Lack of Attention to Conservation Issues?November 2nd, 2012
Having an understanding of where Michigan’s legislators stand on key conservation and natural resources issues is important to MUCC and our work. With almost 250 candidates running for spots in the Michigan House and Congress, we did our best to get to know their thoughts.
A full month before the election, we sent out questionnaires highlighting several key issues we think will be landmark issues in the legislature. I began by painstakingly printing, stapling and stuffing hard copies of these questionnaires and subsequently sending them to all 243 candidates. We heard back from 85.
An online link to a survey monkey was included, since everything is easier online. We received 27 responses online. Astonishingly low.
I included my email so candidates could send in their responses electronically. I received 11 candidate responses within a month. Isn’t email one of the primary forms of communication these days?
I collected the remaining 47 via fax and postal mail. The candidates had three weeks to respond to our 6-question survey with a circled YES or NO and had several methods of turning them in.
After 3 weeks, we began to wonder what the problem was. So we switched into high gear and called up and emailed the remaining 158 candidates. Some came in slowly, mostly via email and the online survey. Our efforts resulted in our total of 85 responses, 11 from congressional candidates (26 in total) and 74 from the 217 state representative candidates.
The lack of response and attention given to these crucial issues is worrisome, and not just at the state level. The Great Lakes Conference Presidential forum, where Obama and Romney were invited to highlight their plans to stop Asian Carp, also received poor commitment from our presidential candidates. The Obama camp sent an alternative speaker while the Romney camp sent nobody.
Conservation and Natural resources issues need legislative action these days to appropriate funds, safeguard polices and facilitate assistance and restoration programs. A positive relationship with environmentally-aware legislators is a powerful tool in Michigan.
Whoever is elected next Tuesday needs to be aware of the importance of Michigan’s natural resources and outdoor heritage.

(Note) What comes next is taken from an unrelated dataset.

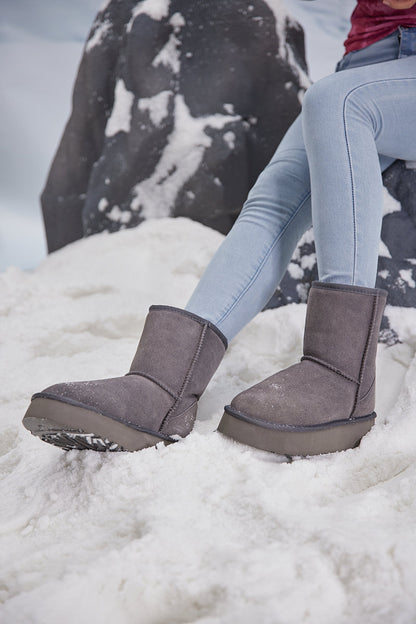 Sophisticated Boots with a Clean Classic Look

These outdoor issues are critical to Michigan’s heritage; we are a leading state in hunting and angling. Recreation is a way of life for many and is a strong part of Michigan’s economy; forests, State lands, outdoor recreation and fisheries all add up to incorporate jobs and direct income within Michigan.
Building a relationship with and informing legislators is the key to advancing policies benefiting our natural resources. The lack of response from our candidates means we must take it upon ourselves to reach out to these newly elected legislators; attend their coffee hour, visit them and start a conversation. Having relationships with these legislators will ensure that conservation and natural resource issues don’t fall to the wayside.